Exercise brief - Retype each entry below exactly. Do not carry any image over.

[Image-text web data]
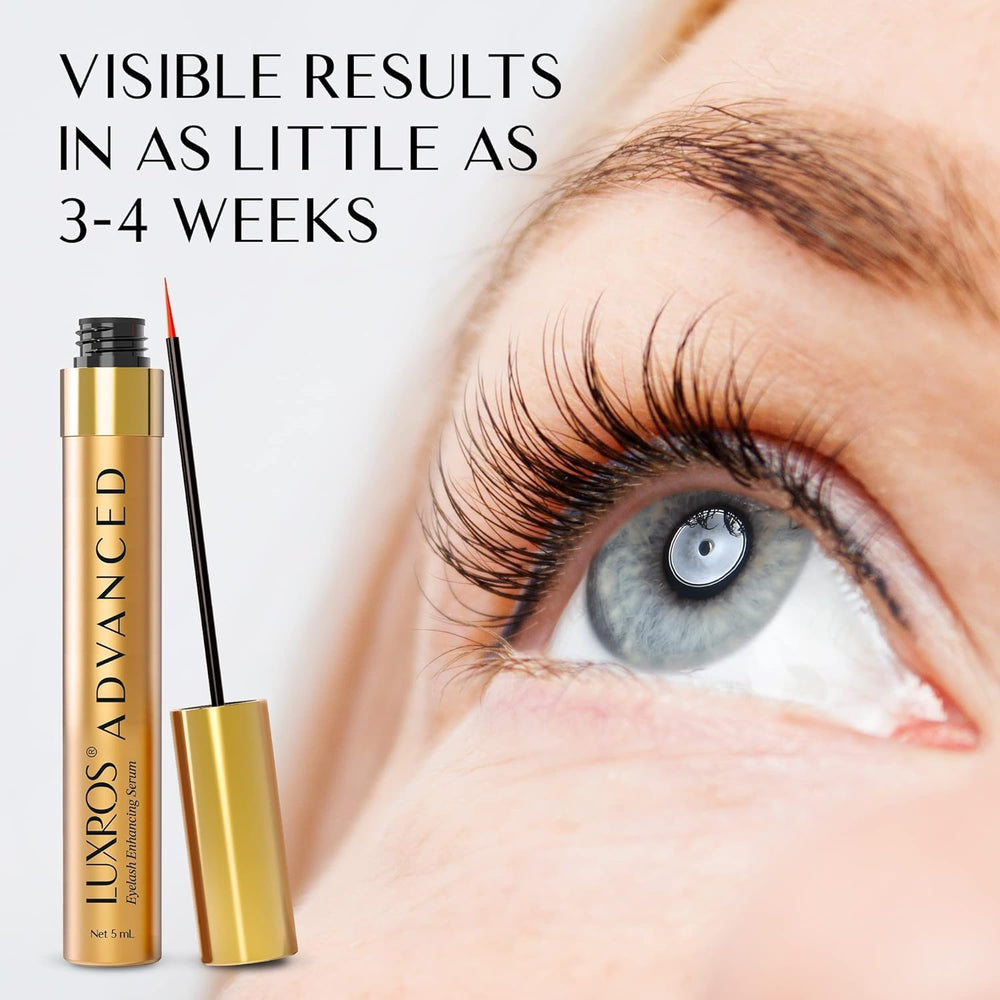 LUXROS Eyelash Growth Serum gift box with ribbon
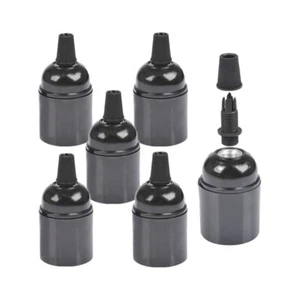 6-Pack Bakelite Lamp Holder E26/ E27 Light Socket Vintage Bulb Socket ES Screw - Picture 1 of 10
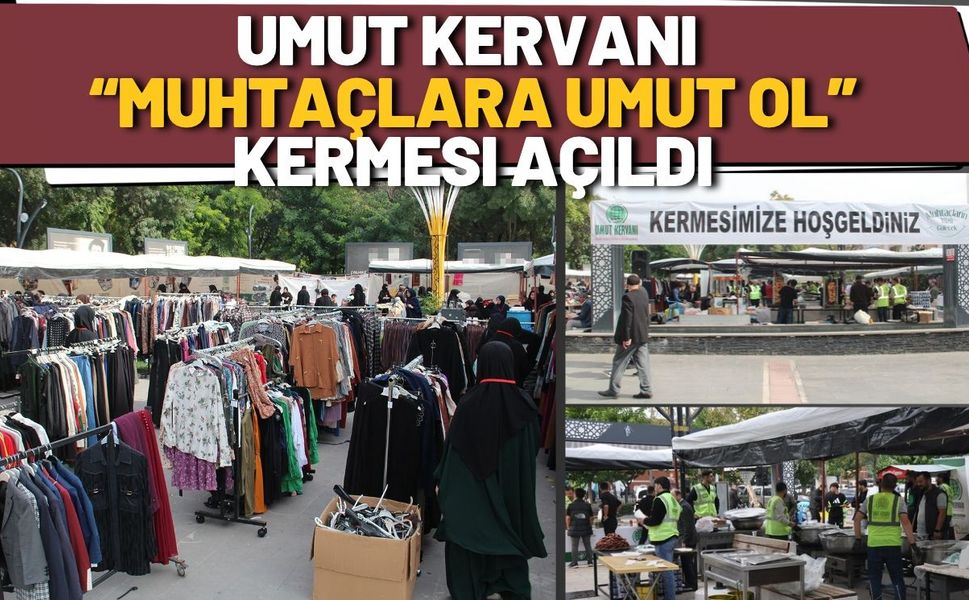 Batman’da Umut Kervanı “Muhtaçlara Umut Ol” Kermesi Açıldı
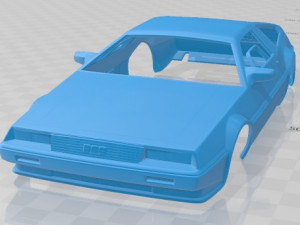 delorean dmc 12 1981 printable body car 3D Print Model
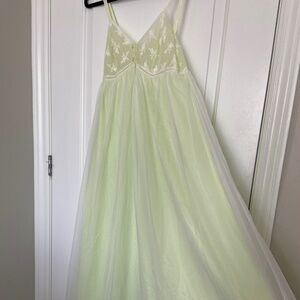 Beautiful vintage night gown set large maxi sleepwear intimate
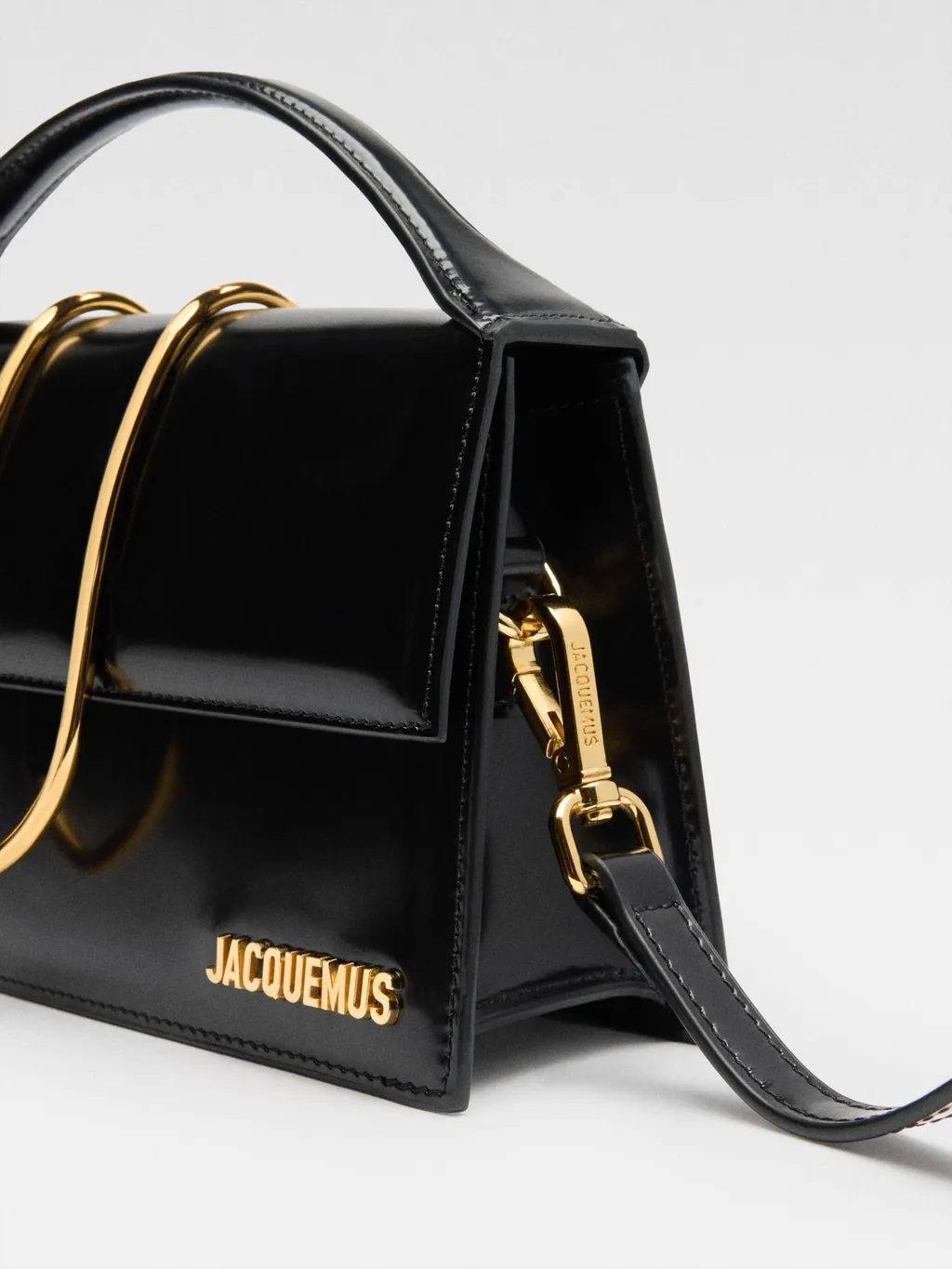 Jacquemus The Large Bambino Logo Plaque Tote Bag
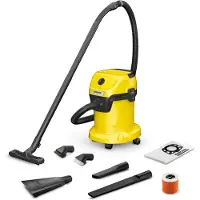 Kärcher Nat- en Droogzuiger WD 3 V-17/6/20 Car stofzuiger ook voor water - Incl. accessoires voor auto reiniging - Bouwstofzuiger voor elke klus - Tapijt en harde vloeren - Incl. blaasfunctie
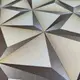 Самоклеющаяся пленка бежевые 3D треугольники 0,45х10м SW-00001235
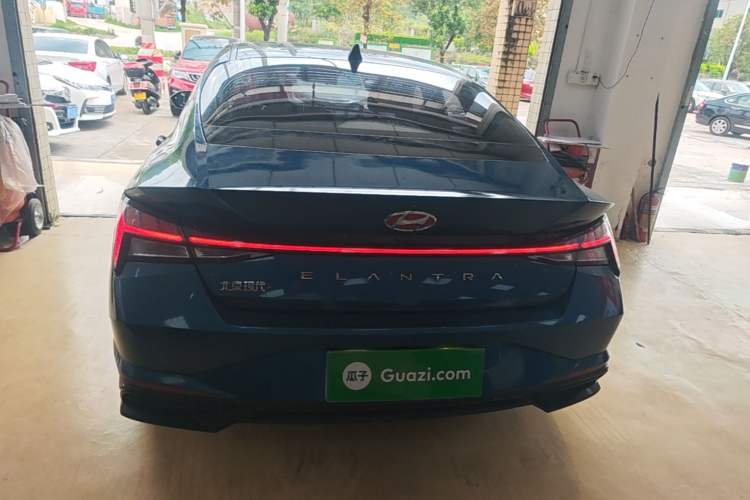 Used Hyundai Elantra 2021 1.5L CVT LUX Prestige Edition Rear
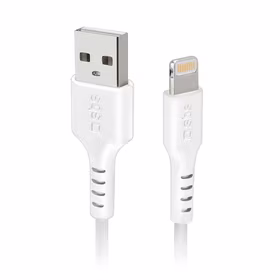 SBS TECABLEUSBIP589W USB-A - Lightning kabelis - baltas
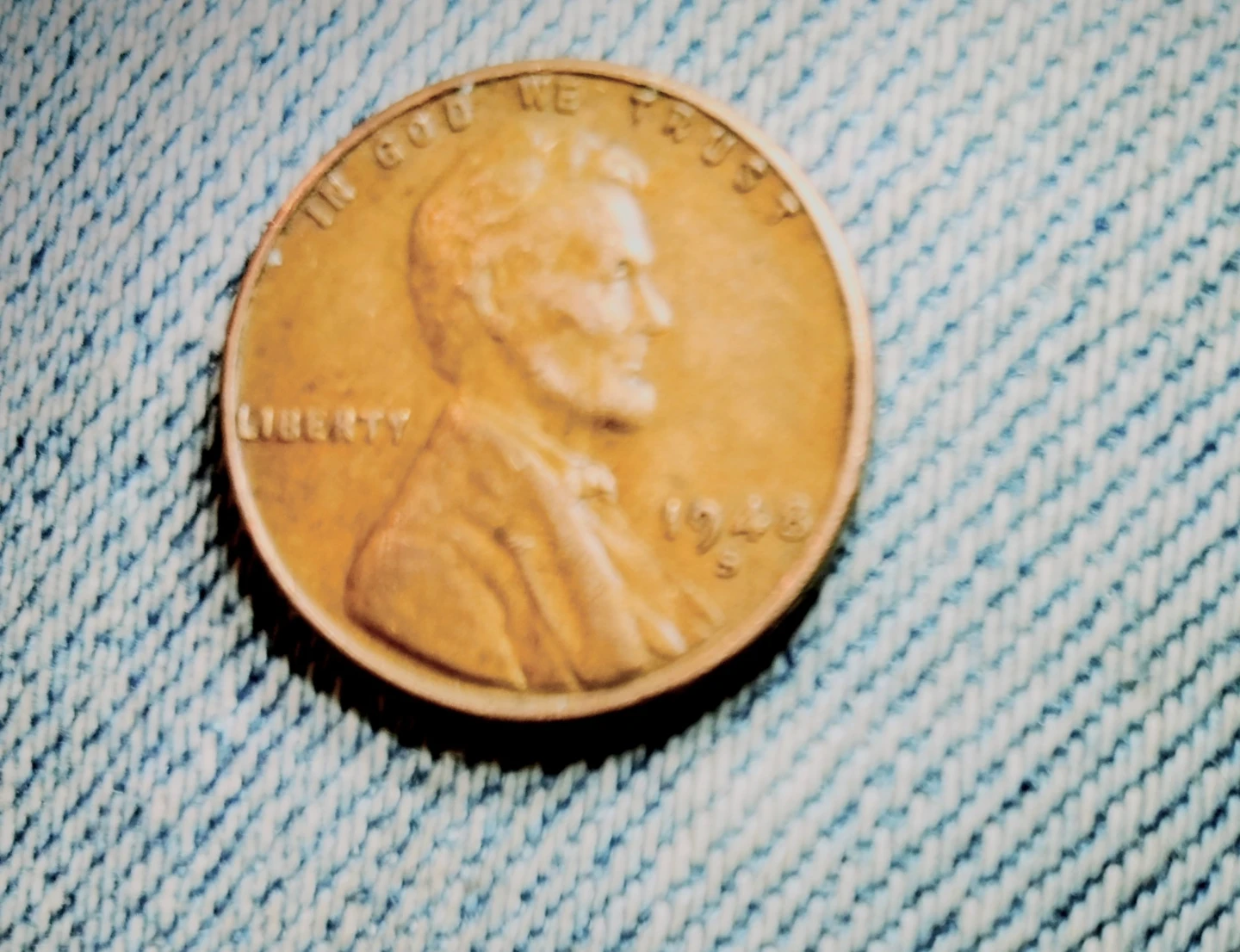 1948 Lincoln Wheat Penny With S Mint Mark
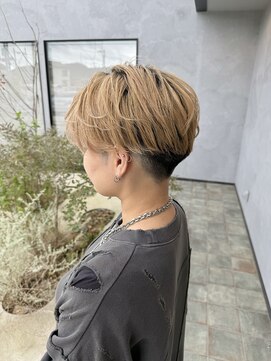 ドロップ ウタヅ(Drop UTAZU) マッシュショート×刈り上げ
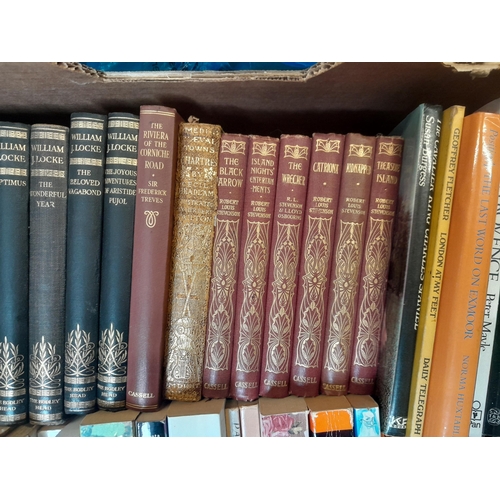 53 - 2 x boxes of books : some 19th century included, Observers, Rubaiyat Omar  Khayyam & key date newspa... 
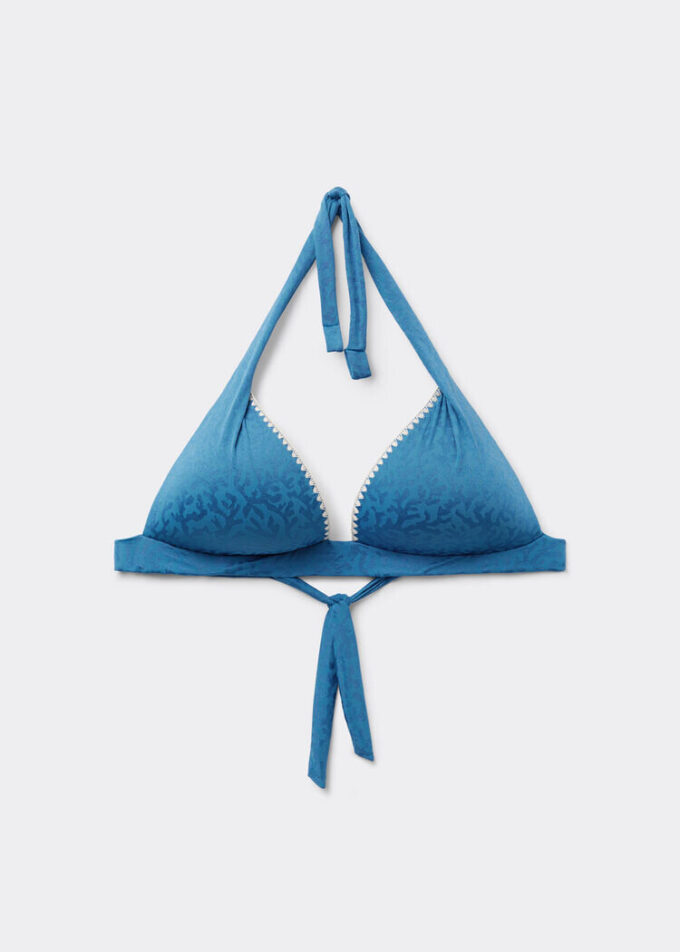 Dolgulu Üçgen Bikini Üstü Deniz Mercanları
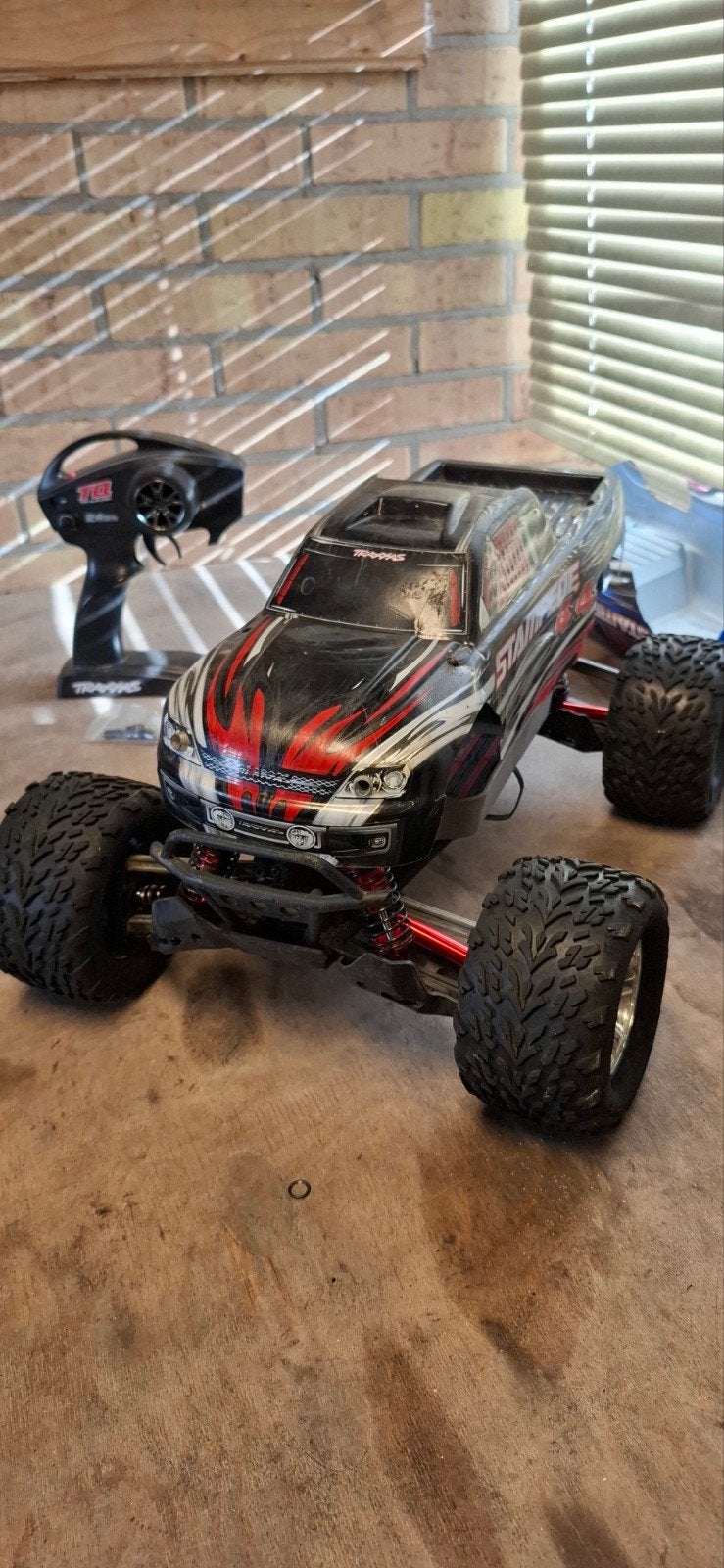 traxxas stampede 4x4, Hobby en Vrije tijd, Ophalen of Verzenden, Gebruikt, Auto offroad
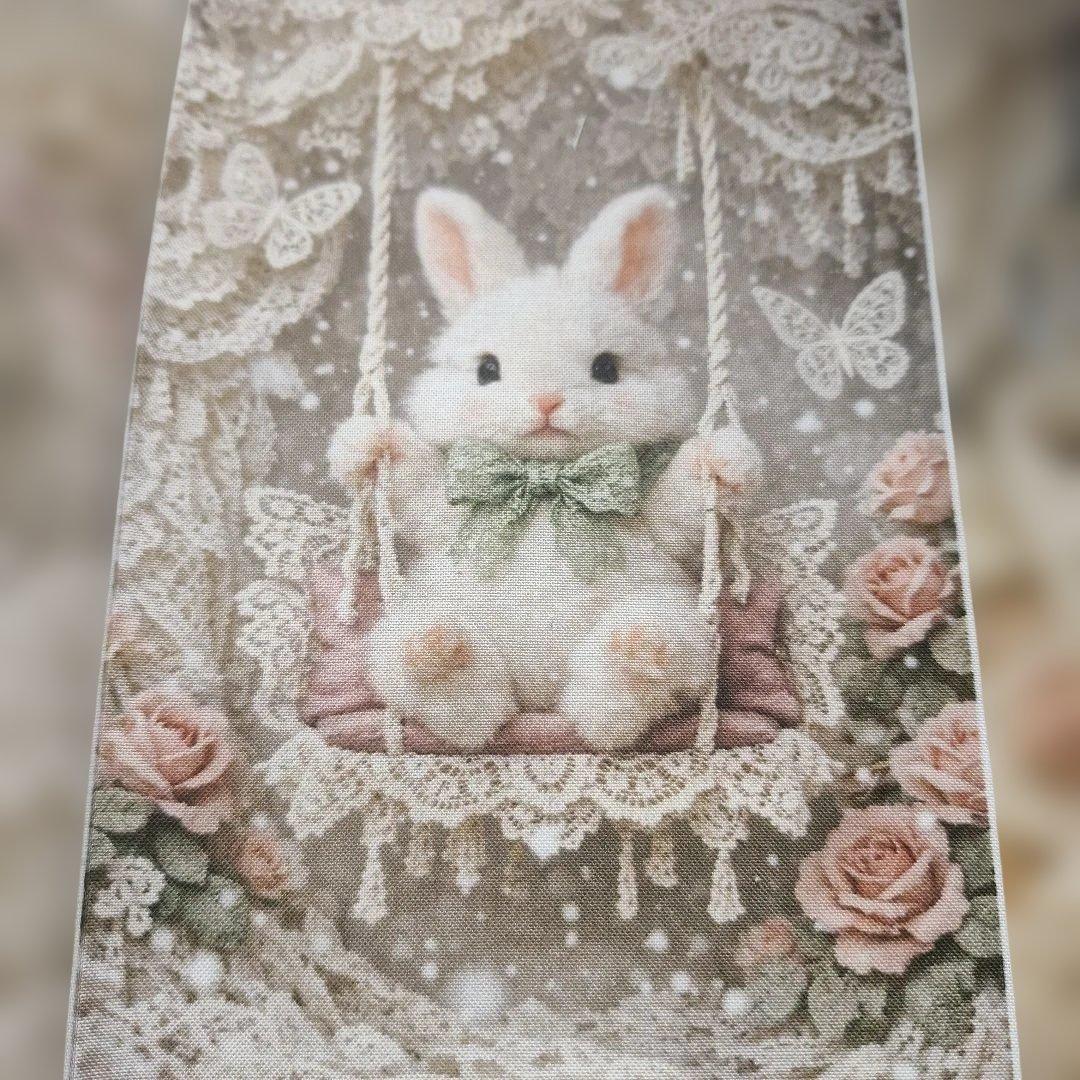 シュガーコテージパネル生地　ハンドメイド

Result -
 LUXROS Eyelash Growth Serum gift box with ribbon
 6-Pack Bakelite Lamp Holder E26/ E27 Light Socket Vintage Bulb Socket ES Screw - Picture 1 of 10
 Batman’da Umut Kervanı “Muhtaçlara Umut Ol” Kermesi Açıldı
 delorean dmc 12 1981 printable body car 3D Print Model
 Beautiful vintage night gown set large maxi sleepwear intimate
 Jacquemus The Large Bambino Logo Plaque Tote Bag
 Kärcher Nat- en Droogzuiger WD 3 V-17/6/20 Car stofzuiger ook voor water - Incl. accessoires voor auto reiniging - Bouwstofzuiger voor elke klus - Tapijt en harde vloeren - Incl. blaasfunctie
 Самоклеющаяся пленка бежевые 3D треугольники 0,45х10м SW-00001235
 Used Hyundai Elantra 2021 1.5L CVT LUX Prestige Edition Rear
 SBS TECABLEUSBIP589W USB-A - Lightning kabelis - baltas
 1948 Lincoln Wheat Penny With S Mint Mark
 ドロップ ウタヅ(Drop UTAZU) マッシュショート×刈り上げ
 53 - 2 x boxes of books : some 19th century included, Observers, Rubaiyat Omar  Khayyam & key date newspa... 
 Dolgulu Üçgen Bikini Üstü Deniz Mercanları
 traxxas stampede 4x4, Hobby en Vrije tijd, Ophalen of Verzenden, Gebruikt, Auto offroad
 シュガーコテージパネル生地　ハンドメイド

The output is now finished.